┌──

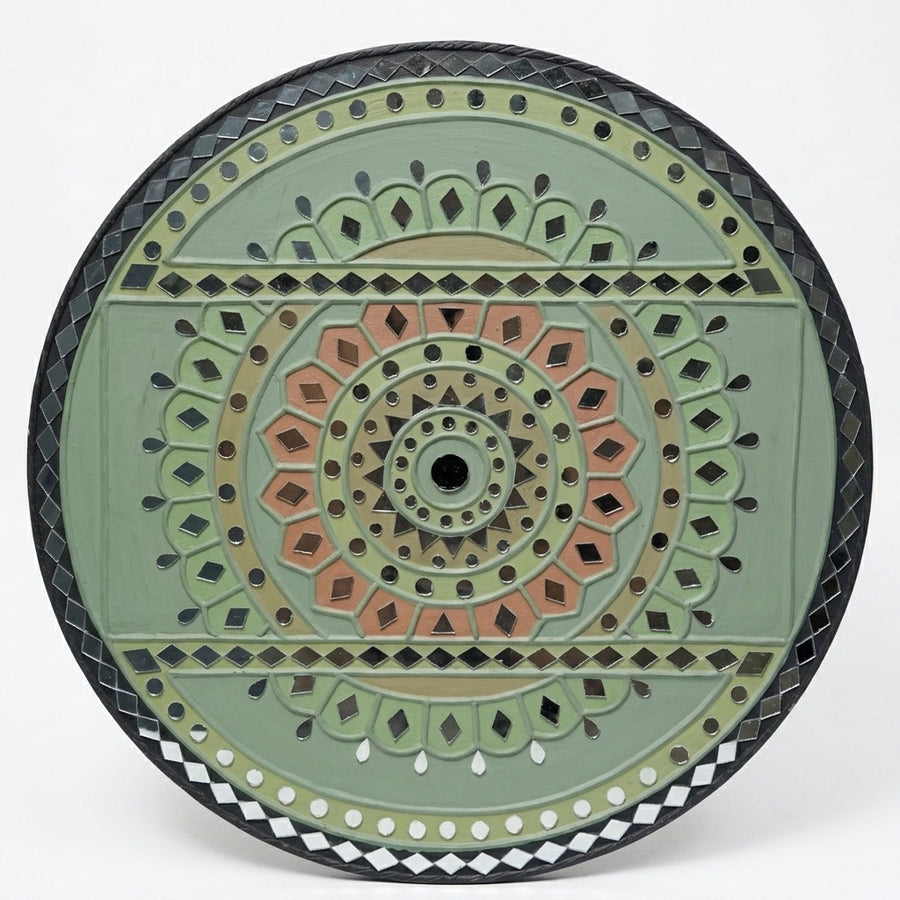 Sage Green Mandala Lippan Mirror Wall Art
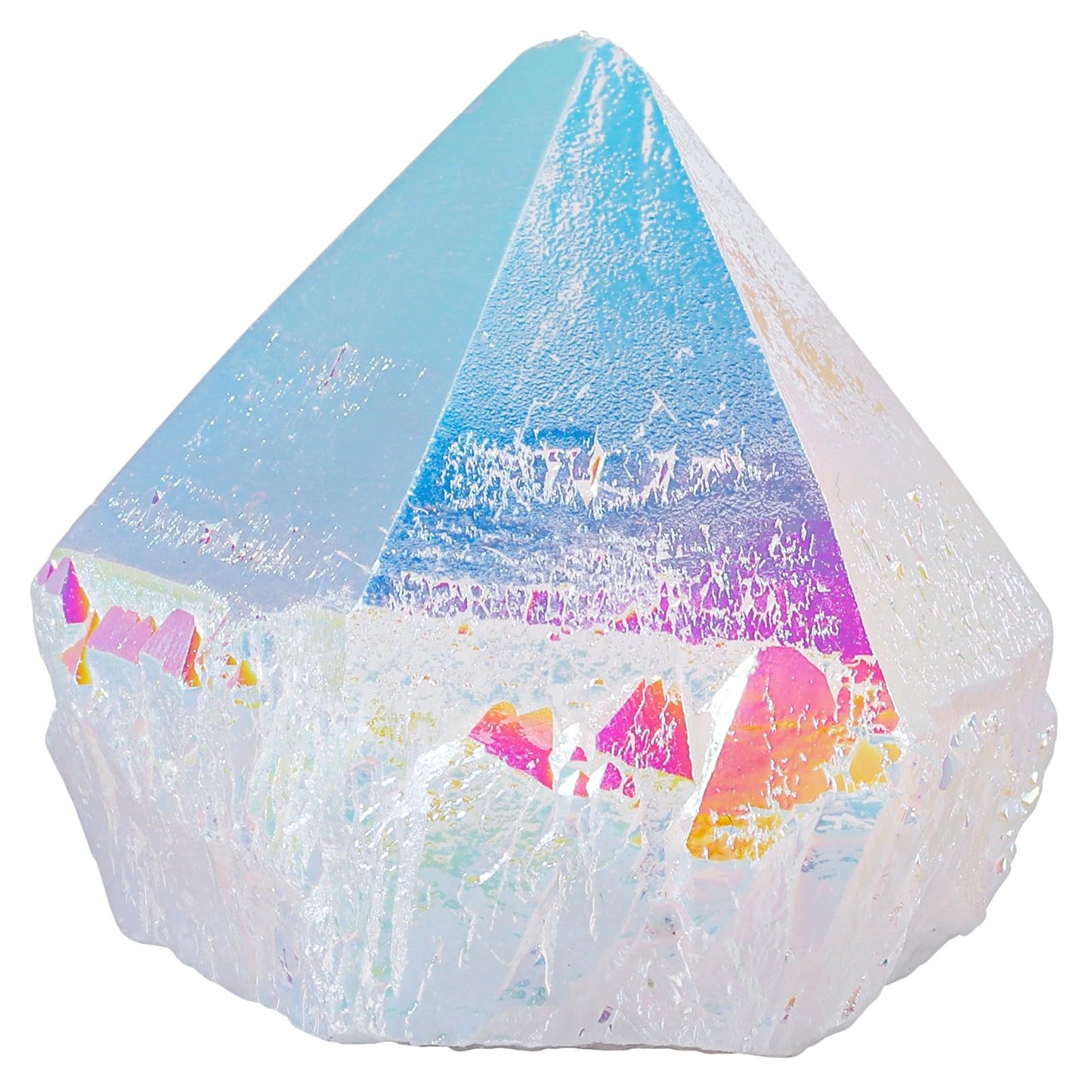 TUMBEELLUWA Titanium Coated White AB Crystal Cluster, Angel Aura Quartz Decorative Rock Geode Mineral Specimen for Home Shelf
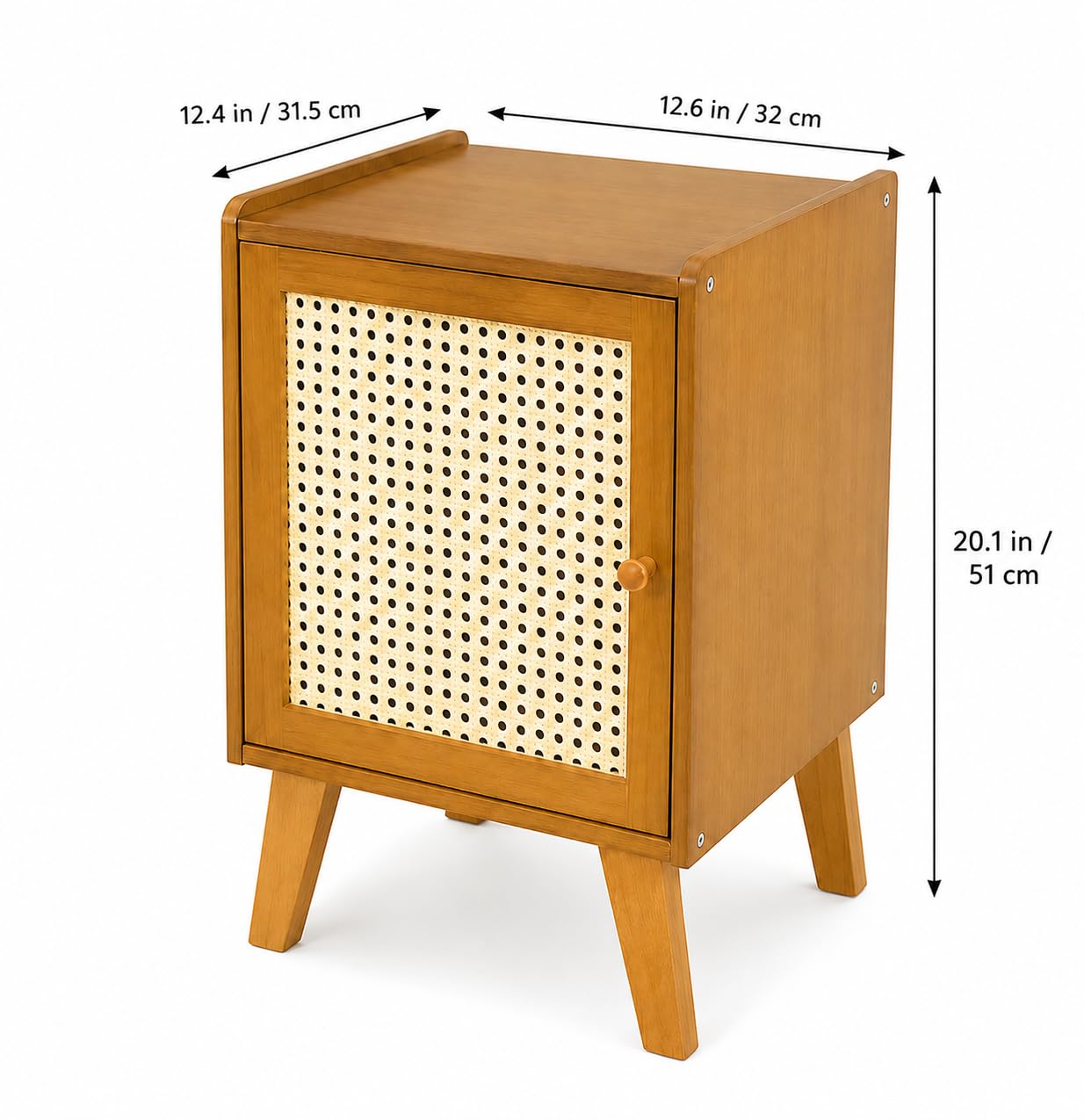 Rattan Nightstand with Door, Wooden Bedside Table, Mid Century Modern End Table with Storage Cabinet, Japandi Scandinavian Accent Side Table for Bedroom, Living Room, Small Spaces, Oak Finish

└──

## TASK PROMPT
When you copy the data, keep every line exact and drop the pictures.

## EXERCISE ANSWER
 Sage Green Mandala Lippan Mirror Wall Art
 TUMBEELLUWA Titanium Coated White AB Crystal Cluster, Angel Aura Quartz Decorative Rock Geode Mineral Specimen for Home Shelf
 Rattan Nightstand with Door, Wooden Bedside Table, Mid Century Modern End Table with Storage Cabinet, Japandi Scandinavian Accent Side Table for Bedroom, Living Room, Small Spaces, Oak Finish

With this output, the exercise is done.